In recent years there has been research establishing that large muscle groups experience hypertrophy in a nonuniform manner. In other words, the entire muscle does not grow equally as a result of strength training. Schoenfeld et al, in a 2015 study in the Journal of Strength and Conditioning Research, performed a study comparing the lying leg curl and the stiff legged deadlift’s muscle activation of the hamstrings based upon EMG data. The authors used resistance trained males and had them perform their 8RM of both the lying leg curl and the stiff legged deadlift in order to assess EMG activity of the hamstrings.

 

In this study, the authors found that the lying leg curl and the stiff legged deadlift resulted in different EMG activation of the hamstrings:

  • The lying leg curl seems to target the lower part of the hamstrings.
  • The stiff legged deadlift seems to target the upper hamstrings (especially the upper semimembranosus and semitendinosus) more than the lower hamstrings.
  • The lying leg curl and the stiff legged deadlift resulted in similar recruitment of the upper hamstrings.

 

The authors postulate that this might allow for preferential recruitment of the distal or proximal portions of the hamstring muscle during different exercises.

 

Now, there are several interesting implications from a study like this and the idea of nonuniform hypertrophy.

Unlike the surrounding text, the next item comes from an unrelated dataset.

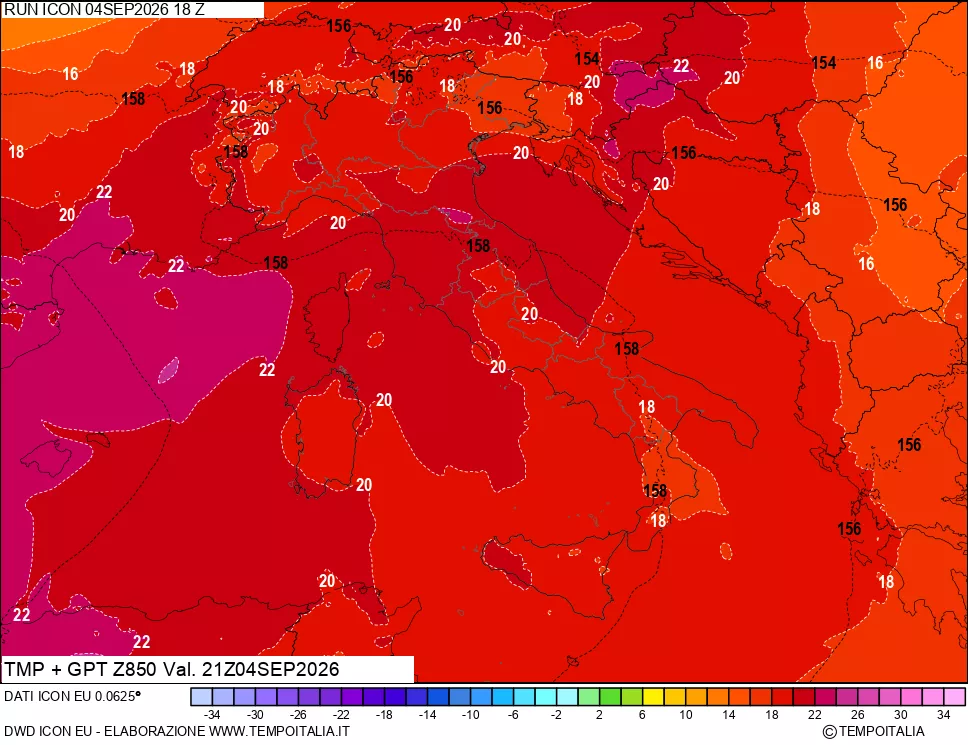 mappa 850 hPa Temp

First, the bodybuilders got it right in the sense that if we want to develop the muscle fully then we need to attack using several different exercises from different angles. Second, it’s unclear if this is going to be important in athletic contexts. In other words, it’s unclear if uniform development of the muscles is important for athletic performance and injury prevention. Third, it would be interesting to see this expanded to the range of the hip extension and squat variations that are used in the conditioning of athletes. Finally, if it happens to the hamstrings – it probably happens at other large muscles as well.

 

I think that in the short term, the take home messages are that a) there are no “best” exercises and b) variety is important. For example, let’s say we have a program that has the following focus:

Monday: Total body strength training (squats, RDLs, bench press, bent-over rows, military press)

Tuesday: Power (Olympic lifts, plyos)

Wednesday: off

Thursday: Total body strength training (front squats, deadlifts, incline press, pull-ups, dumbbell shoulder press)

Friday: Power (Olympic lifts, plyos)

 

Over the long run, every few weeks, the RDLs and deadlifts should be changed out for other exercises. Perhaps in weeks 5-8 we use the good morning and the hyperextension, in weeks 9-12 we use the seated good morning and the reverse hyperextension, maybe we go back to RDLs and deadlifts in weeks 13-16, etc.

 

Schoenfeld, B.J., Contreras, B., Tiryaki-Sonmez, G., Wilson, J.M., Kolber, M.J., and Peterson, M.D. (2015). Regional differences in muscle activation during hamstrings exercise. Journal of Strength and Conditioning Research, 29(1), 159-164.